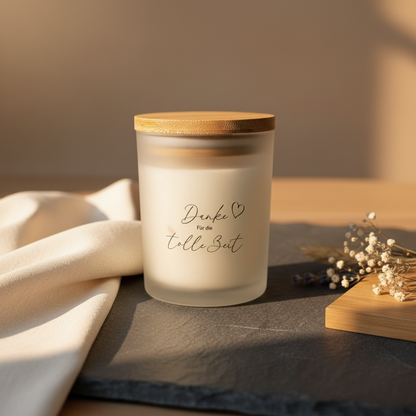 Handgemachte Sojawachs Kerze im Glas mit Holzdeckel und Aufschrift Danke für die tolle Zeit Kerze Das Glückswerk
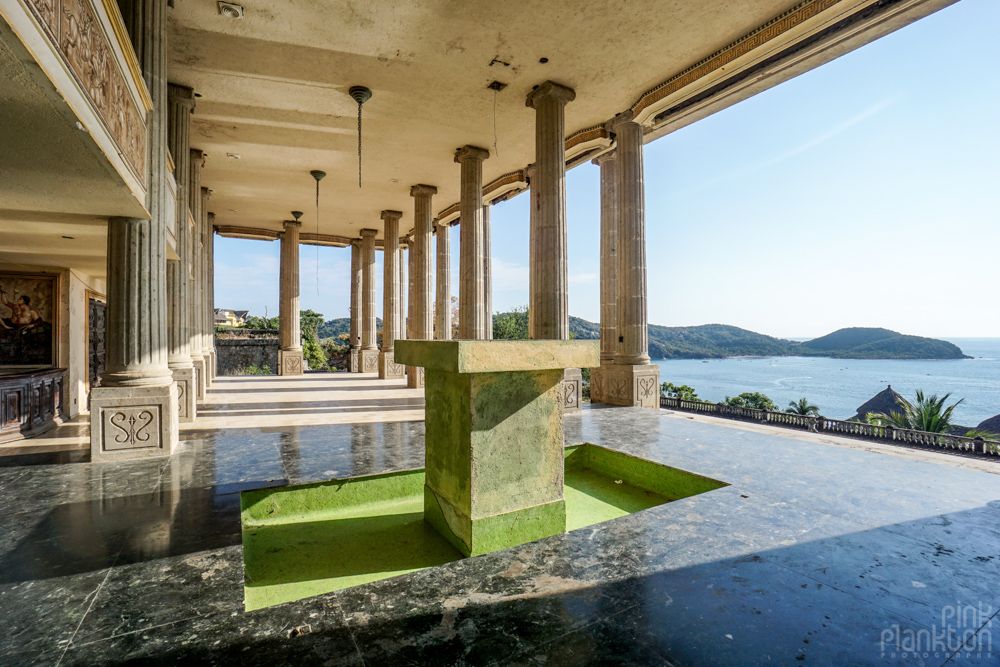 columns and ocean view from inside the abandoned Parthenon of El Negro
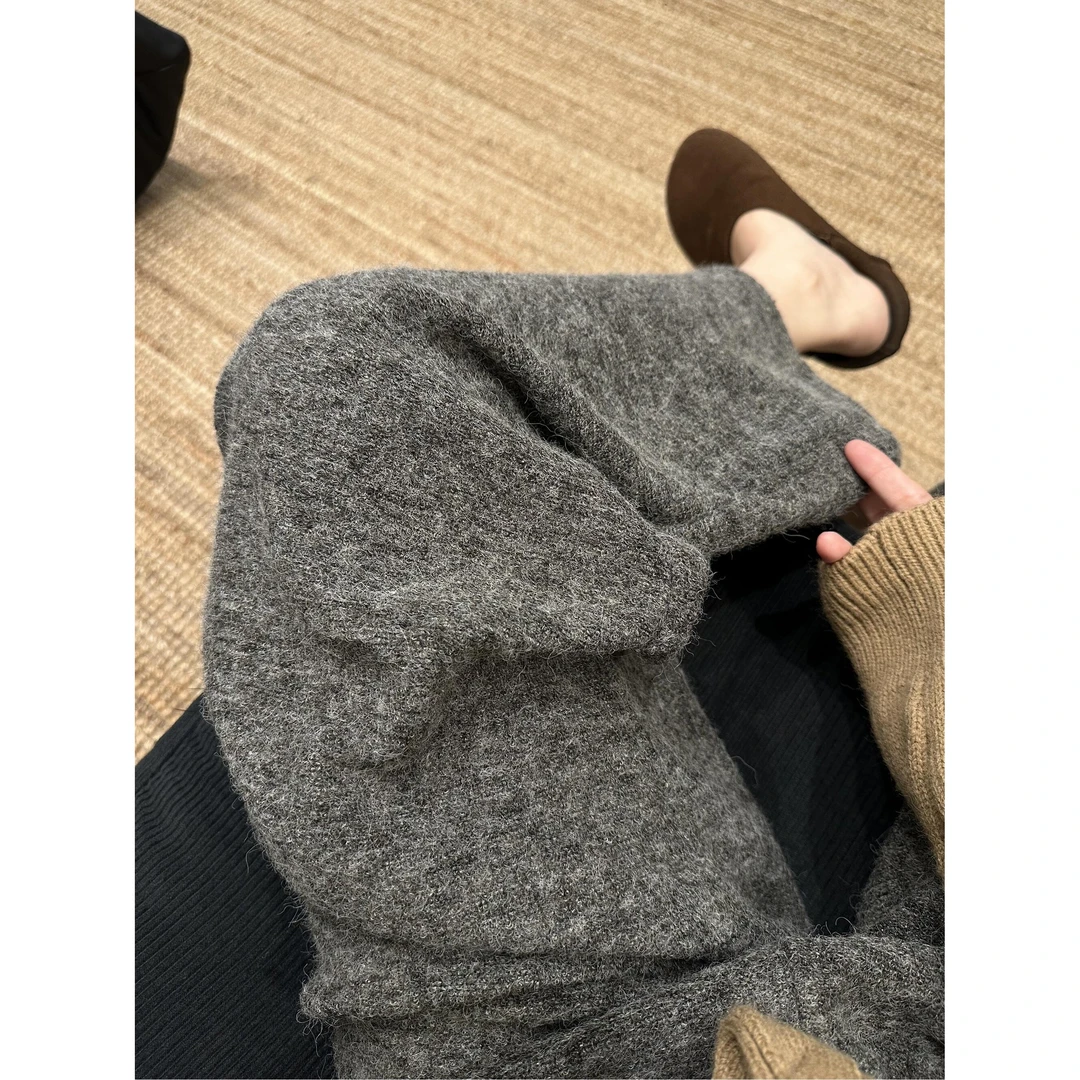 巨舒服！巨喜欢这件！加厚阔腿裤女秋冬慵懒风好看气质宽松直筒裤子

+++

» REQUIRED WORK: Give every line of the listing above again, exactly, with no images.

» EXERCISE RESULT:
 Handgemachte Sojawachs Kerze im Glas mit Holzdeckel und Aufschrift Danke für die tolle Zeit Kerze Das Glückswerk
 columns and ocean view from inside the abandoned Parthenon of El Negro
 巨舒服！巨喜欢这件！加厚阔腿裤女秋冬慵懒风好看气质宽松直筒裤子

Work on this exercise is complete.